Pulp Engine — HA / Clustering Reference Architecture
Reference architecture for running Pulp Engine across multiple API replicas behind a load balancer. Pairs with deployment-guide.md (single-instance topology) and runbook.md (operational procedures).
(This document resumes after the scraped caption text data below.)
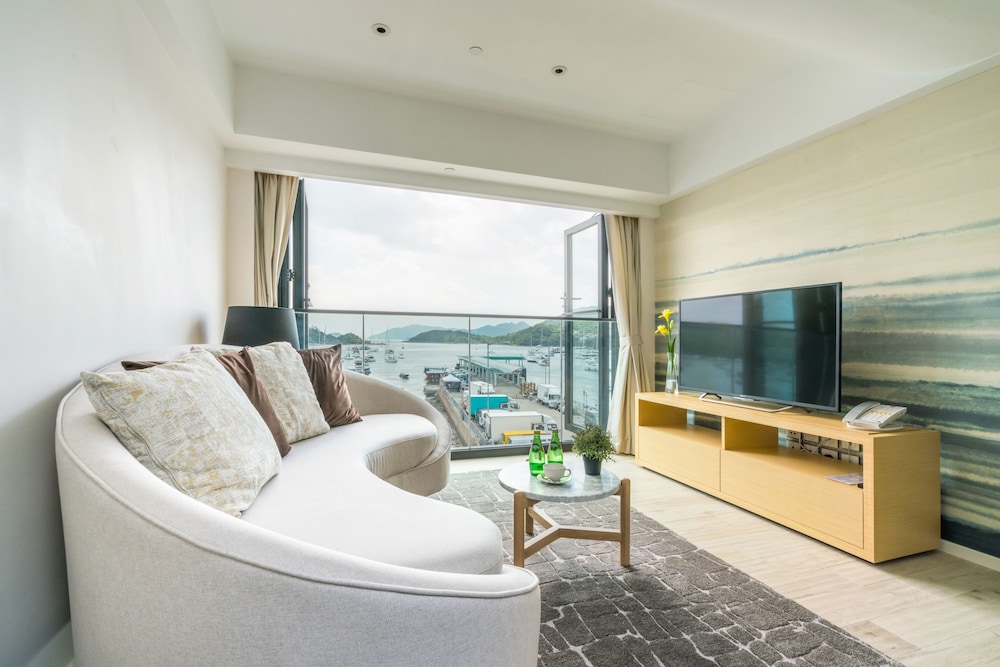 The Pier Hotel 41/69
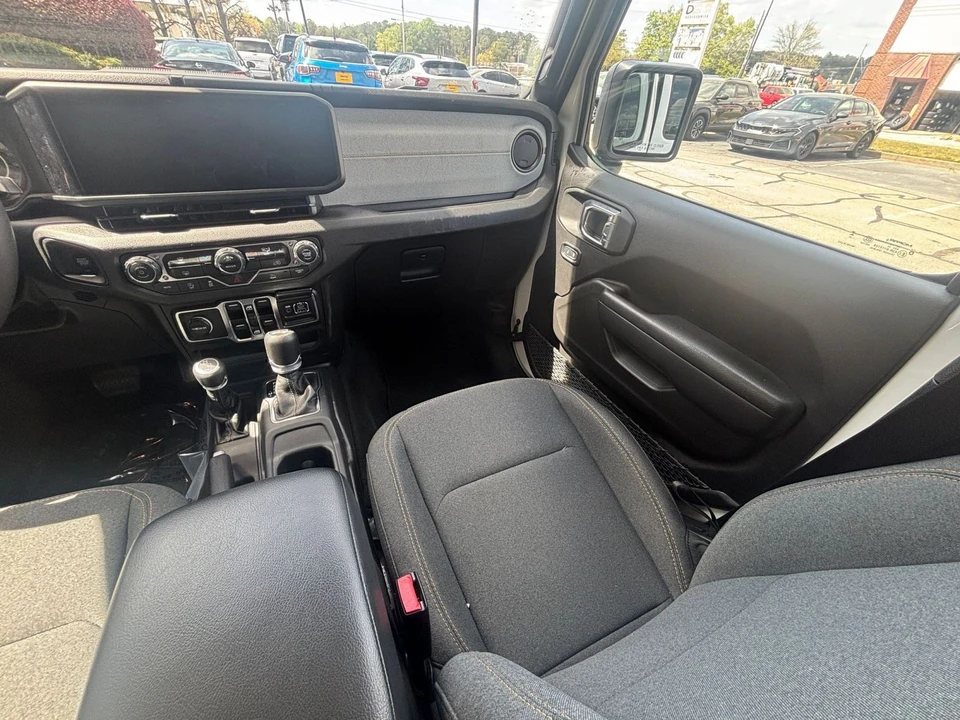 2025 Jeep JL Wrangler - Image 29 of 31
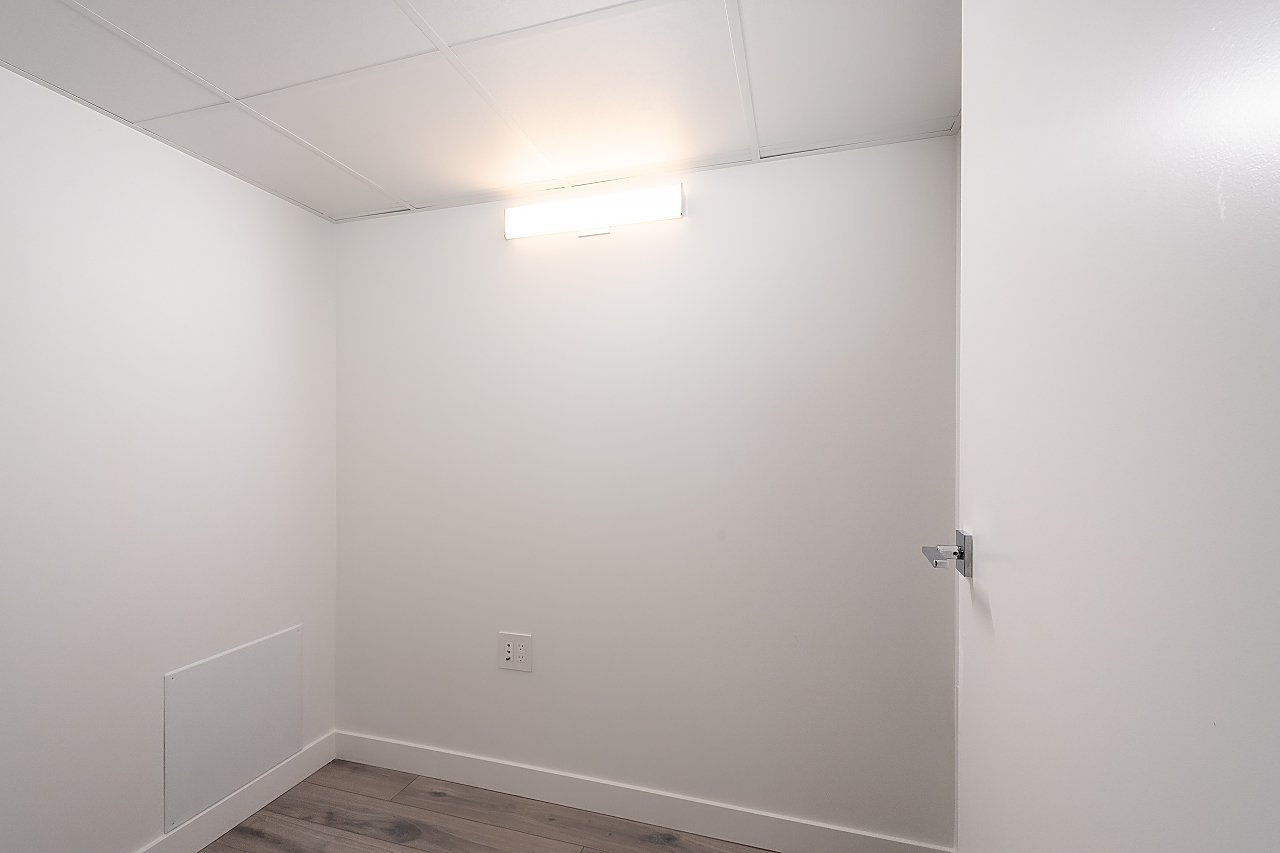 1107 Richards Street - Photo 12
This document is enterprise-oriented: it assumes a managed Postgres, an object store (S3 / MinIO / R2), and an HTTPS-terminating load balancer are available. For single-instance or evaluation deployments, use the simpler topologies in the deployment guide.
1. Topology
┌───────────────────────┐
│ HTTPS Load Balancer │ (sticky sessions NOT required)
│ TLS termination │
└───────────┬───────────┘
│
┌─────────────────┼─────────────────┐
▼ ▼ ▼
┌─────────┐ ┌─────────┐ ┌─────────┐
│ API pod │ │ API pod │ ... │ API pod │
│ N=1 │ │ N=2 │ │ N=k │
└────┬────┘ └────┬────┘ └────┬────┘
│ │ │
├─────────────────┴─────────────────┤
▼ ▼
┌───────────────┐ ┌─────────────────┐
│ Postgres │ │ Object store │
│ (primary + │ │ (S3 / MinIO / │
│ replicas) │ │ R2 — shared) │
└───────────────┘ └─────────────────┘
Key properties:
- Request handlers are stateless — no sticky sessions required.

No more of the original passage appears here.